Chikwawa: parallel to the road that branches off the M1 (in dynarode)
there is a wonderful path leading you in the direction of Chikwawa. It
reunites the asphalt road again a few meters before you reach the police
station, passing a small church. Access the path just before reaching
the center of dynarode. Coming from the bridge that crosses the Shire
you pass a petrol station on the right, just some meters further there
is a settlement of well-kept family houses (look new with gardens).
There you enter and just head north. Wonderful trail to do bird watching!
in Dynarode there are a few resthouses with small cheap rooms…rather
less attractive. There is a newly opened comfortabel resthouse “Vasco
Millinyu Guesthouse” with rooms between 1300 and 1500 kw (sg/db shared
facilities) without breakfast. Tel.: 01420449, cell: 05490970. A
restaurant is attached. Another good option is Matechanga Motel which
belongs to the same familiy that owns the Matechanga Motel in Chikwawa.
The first one (with a big Baobab tree) offers rooms from 750 to 3500 kw
incl. english breakfast (rather large serving). Except for the cheap
rooms there is breakfast and s/c sgl/dbl. Food can be ordered whole day
round, there is a bar as well as a conference room. A tailor is
attached, too.

Without a own vehicle the area north of the M1 can be accessed by bike
taxi. once a day a bus (small) leaves dynarode in the direction of
Majete Wildlife Reserve in either direction. (morning (in the direction
of M1) and late afternoon (vice versa)).

Without a vehicle renting a bike is an option, too (if one can cope with
curious and laughing people who find it still strange that a “Mzungu”
goes by bike her/hisself. Going by bike is a real pleasure (provided you
have enough to drink and got used to the sun already a little bit).
rental fee: 300 to 400 kw/day but sometimes breaks aren’t in good
conditions…check the bike! if the tire breaks it is usually no problem
close to the villages due to many bike repair shops. during the journey
there is always somebody supporting with “first bike aid”. finally I can
totally agree with the mentioned experiences in the guide.
destinations on the bike: Majete Wildlife Reserve: 1:15h ride from
Chikwawa. coming from the M1 just head north. after passing the Chikwawa
“town center” turn left on the one bigger junction. then just follow the
big rough road through an undulating area along maize fields and
villages. A short cut for “insiders” branches left opposite of the
hospital entrance and leads through the village. rare shadow. majete
wildlife reserve is very well-kept. an information center is in
developement. there are new activities for visitors, incl. community
visits. attractive to those interested in game (by car only!) or the
shire (Kapichiri falls). Accomodation is available. two campsites are
established but you can spend the night in your own mosquito net under
the sky, too (“bush tents” are provided). informations or booking
options: info@africanparksmw.com. site: www.majete.org, phone: +265 9
521 741. entrance fee 1000 kw for residence and 2000 kw for tourists
(both foreigners). cold drinks cost 100 kw (an additional tax incl.).

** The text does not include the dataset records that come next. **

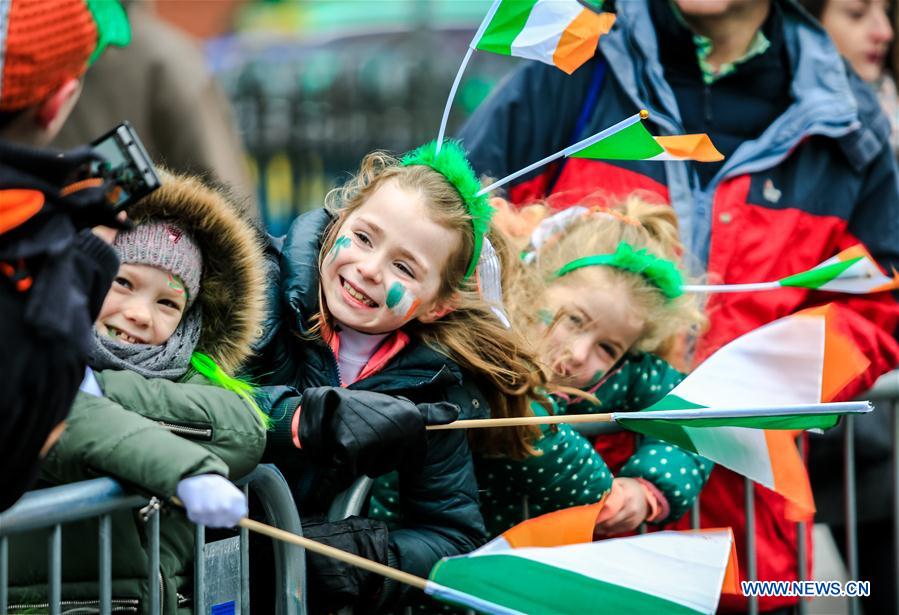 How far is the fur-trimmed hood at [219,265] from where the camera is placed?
10.7ft

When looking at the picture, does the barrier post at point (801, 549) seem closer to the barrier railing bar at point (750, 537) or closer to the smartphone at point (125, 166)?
the barrier railing bar at point (750, 537)

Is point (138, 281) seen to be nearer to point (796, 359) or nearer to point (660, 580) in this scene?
point (660, 580)

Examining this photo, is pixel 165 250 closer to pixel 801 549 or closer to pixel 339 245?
pixel 339 245

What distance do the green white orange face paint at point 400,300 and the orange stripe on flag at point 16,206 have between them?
4.02 ft

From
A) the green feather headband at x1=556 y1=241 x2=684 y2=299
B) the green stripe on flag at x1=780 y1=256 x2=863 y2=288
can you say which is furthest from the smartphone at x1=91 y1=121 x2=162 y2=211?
the green stripe on flag at x1=780 y1=256 x2=863 y2=288

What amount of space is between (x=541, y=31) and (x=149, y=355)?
1291 millimetres

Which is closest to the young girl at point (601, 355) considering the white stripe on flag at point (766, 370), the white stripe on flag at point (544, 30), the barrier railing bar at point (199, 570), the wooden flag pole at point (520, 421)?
→ the white stripe on flag at point (766, 370)

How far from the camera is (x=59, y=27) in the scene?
7.57 feet

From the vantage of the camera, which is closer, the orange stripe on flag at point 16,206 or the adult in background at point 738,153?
the orange stripe on flag at point 16,206

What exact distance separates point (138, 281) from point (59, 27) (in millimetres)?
932

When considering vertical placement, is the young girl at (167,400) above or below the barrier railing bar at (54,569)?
above

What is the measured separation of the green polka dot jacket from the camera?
377 cm

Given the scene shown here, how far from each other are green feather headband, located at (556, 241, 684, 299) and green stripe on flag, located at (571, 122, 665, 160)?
53 centimetres

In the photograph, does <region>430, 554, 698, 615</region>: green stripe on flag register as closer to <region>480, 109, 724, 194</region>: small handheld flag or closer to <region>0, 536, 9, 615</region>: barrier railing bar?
<region>0, 536, 9, 615</region>: barrier railing bar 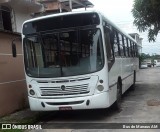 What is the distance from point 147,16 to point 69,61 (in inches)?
437

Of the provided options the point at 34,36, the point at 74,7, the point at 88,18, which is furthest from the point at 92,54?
the point at 74,7

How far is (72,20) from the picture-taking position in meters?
11.0

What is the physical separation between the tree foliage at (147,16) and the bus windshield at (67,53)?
8067 millimetres

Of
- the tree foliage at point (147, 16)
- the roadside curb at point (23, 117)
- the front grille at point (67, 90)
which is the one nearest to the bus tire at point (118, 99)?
the front grille at point (67, 90)

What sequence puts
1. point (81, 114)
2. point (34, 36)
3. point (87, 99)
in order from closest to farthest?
point (87, 99)
point (34, 36)
point (81, 114)

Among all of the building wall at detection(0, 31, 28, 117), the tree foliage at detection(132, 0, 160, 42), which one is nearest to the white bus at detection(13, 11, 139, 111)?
the building wall at detection(0, 31, 28, 117)

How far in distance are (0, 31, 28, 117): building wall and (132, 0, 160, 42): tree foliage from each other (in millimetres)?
7588

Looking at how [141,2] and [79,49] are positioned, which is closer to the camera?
[79,49]

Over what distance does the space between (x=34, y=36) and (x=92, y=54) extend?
77.7 inches

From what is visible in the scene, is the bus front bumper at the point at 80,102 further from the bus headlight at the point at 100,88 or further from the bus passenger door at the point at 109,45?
the bus passenger door at the point at 109,45

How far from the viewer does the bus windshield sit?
1076cm

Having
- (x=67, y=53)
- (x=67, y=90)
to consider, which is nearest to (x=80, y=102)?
(x=67, y=90)

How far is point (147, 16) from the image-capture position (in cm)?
2086

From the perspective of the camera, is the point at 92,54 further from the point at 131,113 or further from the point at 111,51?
the point at 131,113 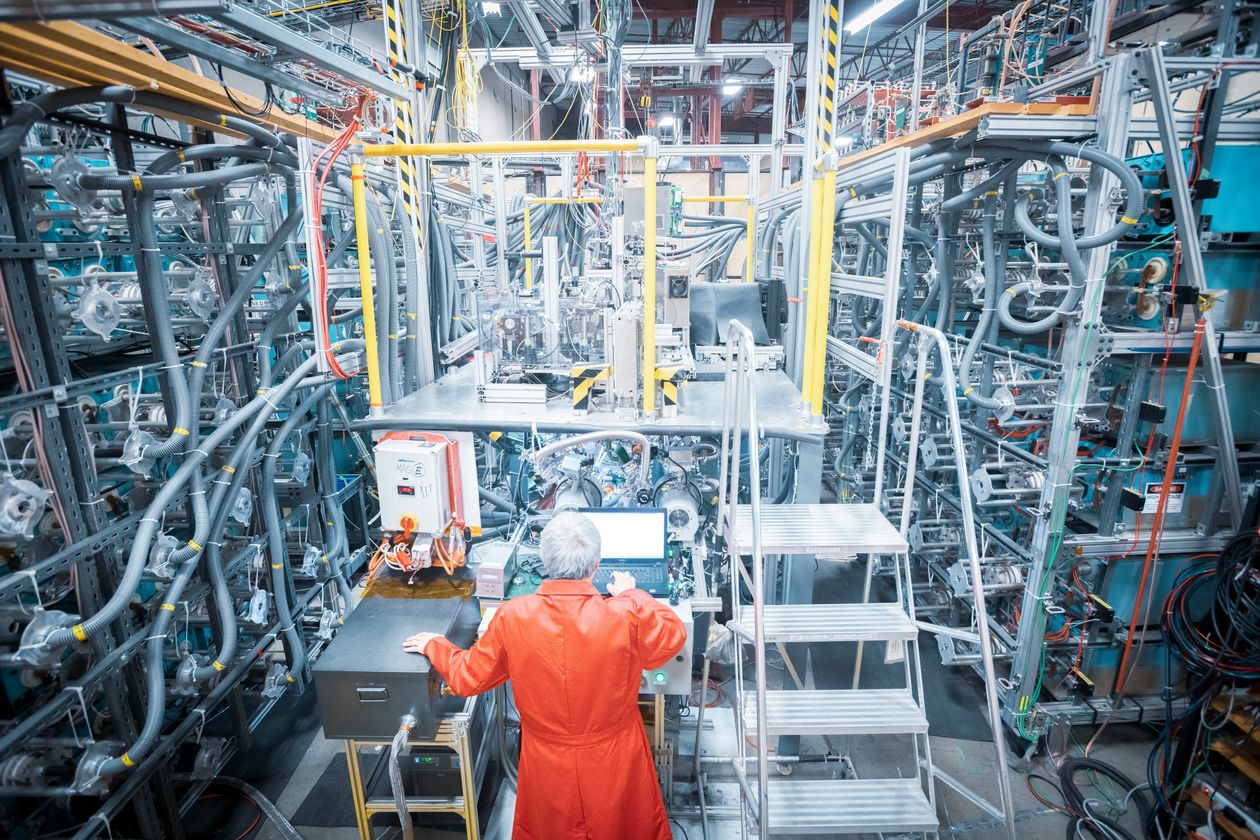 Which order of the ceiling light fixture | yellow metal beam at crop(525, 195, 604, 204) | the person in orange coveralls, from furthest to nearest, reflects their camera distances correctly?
yellow metal beam at crop(525, 195, 604, 204) → the ceiling light fixture → the person in orange coveralls

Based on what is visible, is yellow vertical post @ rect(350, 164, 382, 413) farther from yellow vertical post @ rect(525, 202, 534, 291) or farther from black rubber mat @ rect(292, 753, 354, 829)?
yellow vertical post @ rect(525, 202, 534, 291)

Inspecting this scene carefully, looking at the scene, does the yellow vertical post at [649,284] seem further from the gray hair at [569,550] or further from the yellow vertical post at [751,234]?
the yellow vertical post at [751,234]

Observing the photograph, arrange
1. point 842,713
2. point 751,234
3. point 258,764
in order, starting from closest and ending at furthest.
Result: point 842,713, point 258,764, point 751,234

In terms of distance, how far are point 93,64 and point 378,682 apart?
2518 mm

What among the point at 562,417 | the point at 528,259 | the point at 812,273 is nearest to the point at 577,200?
the point at 528,259

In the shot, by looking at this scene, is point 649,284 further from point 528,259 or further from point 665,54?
point 528,259

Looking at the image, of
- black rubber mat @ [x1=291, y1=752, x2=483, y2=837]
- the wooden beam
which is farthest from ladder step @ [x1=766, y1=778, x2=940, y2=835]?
the wooden beam

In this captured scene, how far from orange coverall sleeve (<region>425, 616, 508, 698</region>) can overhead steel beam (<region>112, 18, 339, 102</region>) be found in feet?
7.48

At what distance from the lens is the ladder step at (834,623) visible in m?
2.46

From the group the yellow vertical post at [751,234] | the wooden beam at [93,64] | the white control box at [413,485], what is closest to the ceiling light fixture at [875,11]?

Nchalo: 2 hours ride, little shadow along an asphalt road, rather flat.
Nyala park is now accessible with cars only, too. (A snake bit a woman
one a bike…).
Sucoma Sugar estate: it unfortunately was not possible to visit the
factory. Again 30-45 minutes ride to the sports club. Daily fee has
risen to 1500 kw (incl. guarding the bike ;-). Really posh and rather
suitable for meeting whites or Hispanics instead of Malawians. Food is
delicious but portions are not too generous.

Maybe a word referring to malaria: after having used mefloquine once
without problems, I this time experienced those strange side effects…I
head for Doxycycline or Malerone the next time!!! A mosquito net is
essential on the lake shore – the nets there were in bad conditions …
all the other places had good nets, except doogles having none.